------ THE INPUT ------

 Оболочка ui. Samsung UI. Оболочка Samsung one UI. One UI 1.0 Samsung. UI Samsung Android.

------
------ THE INPUT ------

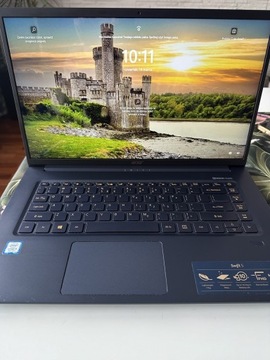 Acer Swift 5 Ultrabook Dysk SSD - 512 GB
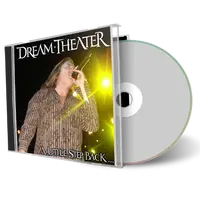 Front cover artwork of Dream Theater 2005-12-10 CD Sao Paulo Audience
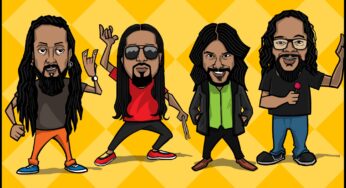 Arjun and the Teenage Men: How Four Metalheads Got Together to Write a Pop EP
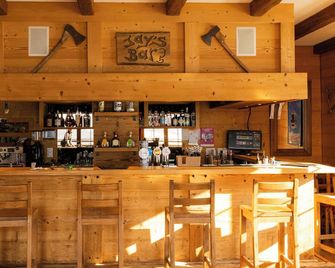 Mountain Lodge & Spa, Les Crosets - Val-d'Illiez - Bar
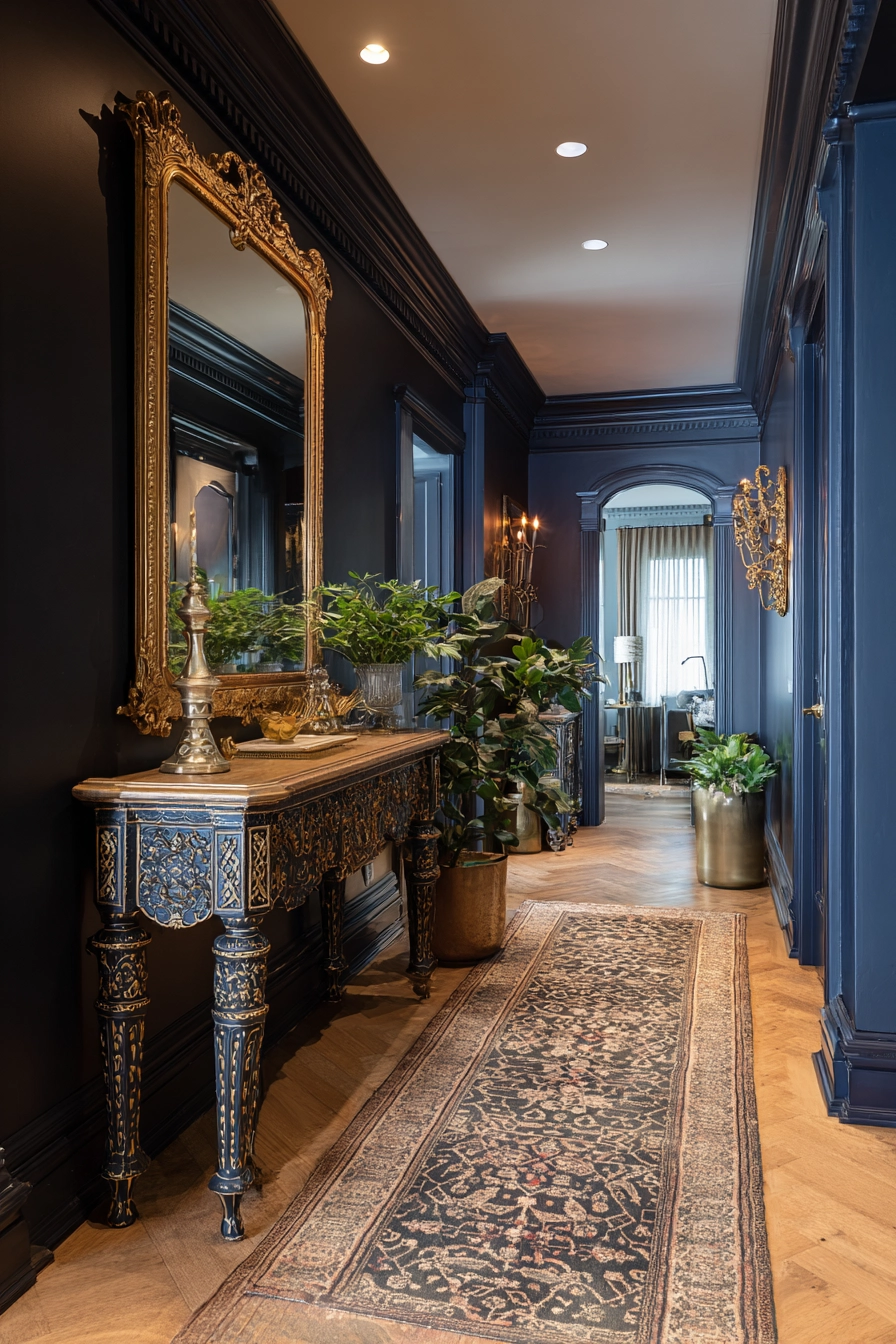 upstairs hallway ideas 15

------
------ THE INPUT ------

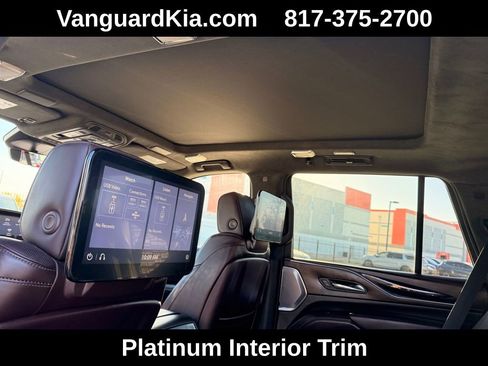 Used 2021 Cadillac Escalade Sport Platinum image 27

------

Reproduce the data above exactly, but only the lines from the one showing "Acer Swift 5 Ultrabook Dysk SSD - 512 GB" through the one showing "Mountain Lodge &", with both ends kept and the pictures left out.

→ **COMPLETED EXERCISE**:
 Acer Swift 5 Ultrabook Dysk SSD - 512 GB
 Front cover artwork of Dream Theater 2005-12-10 CD Sao Paulo Audience
 Arjun and the Teenage Men: How Four Metalheads Got Together to Write a Pop EP
 Mountain Lodge & Spa, Les Crosets - Val-d'Illiez - Bar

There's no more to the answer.